* [Data below]
--------------------------------

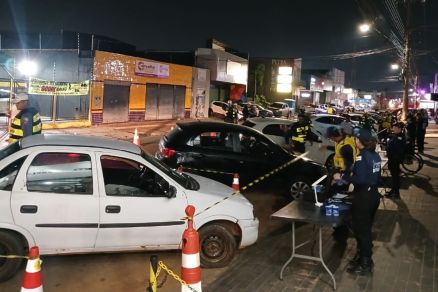 A blitz foi realizada na avenida Carmindo Campos, no bairro Grande Terceiro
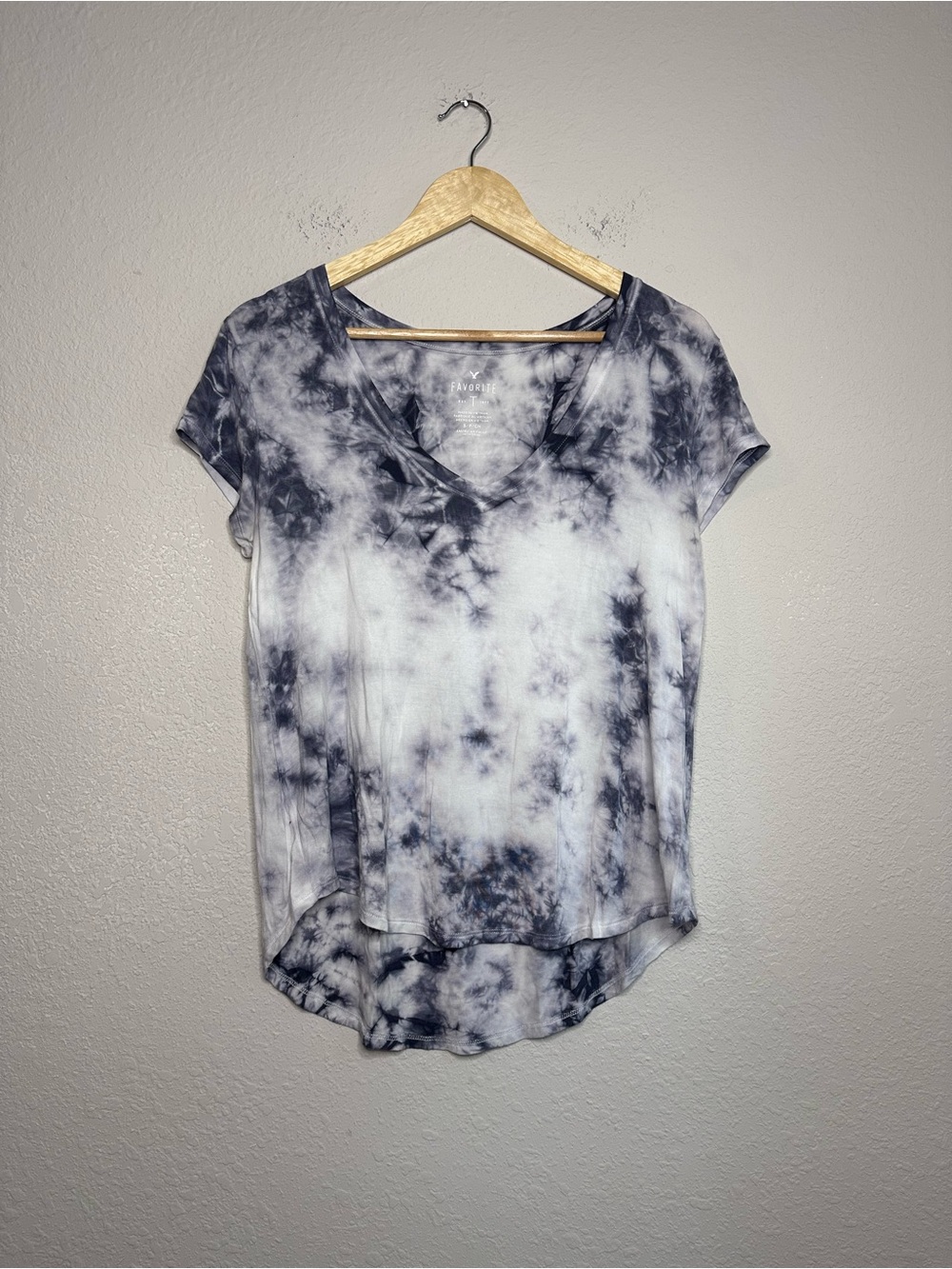 American Eagle Favorite Tee Tie-Dye V-Neck Short Sleeve Top Size Small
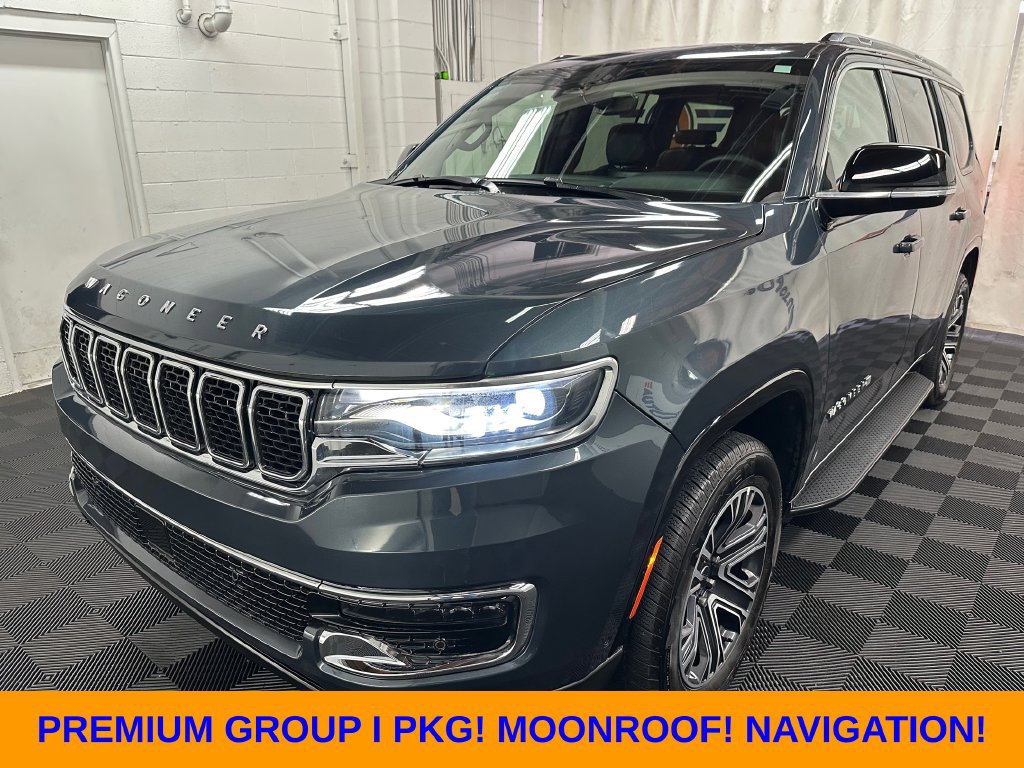Used 2025 Jeep Wagoneer 4WD w/ Premium Group I image 1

--------------------------------

* [Work request]
All of the material should be written out again exactly, apart from the pictures.

* [Solved exercise]
 A blitz foi realizada na avenida Carmindo Campos, no bairro Grande Terceiro
 American Eagle Favorite Tee Tie-Dye V-Neck Short Sleeve Top Size Small
Used 2025 Jeep Wagoneer 4WD w/ Premium Group I image 1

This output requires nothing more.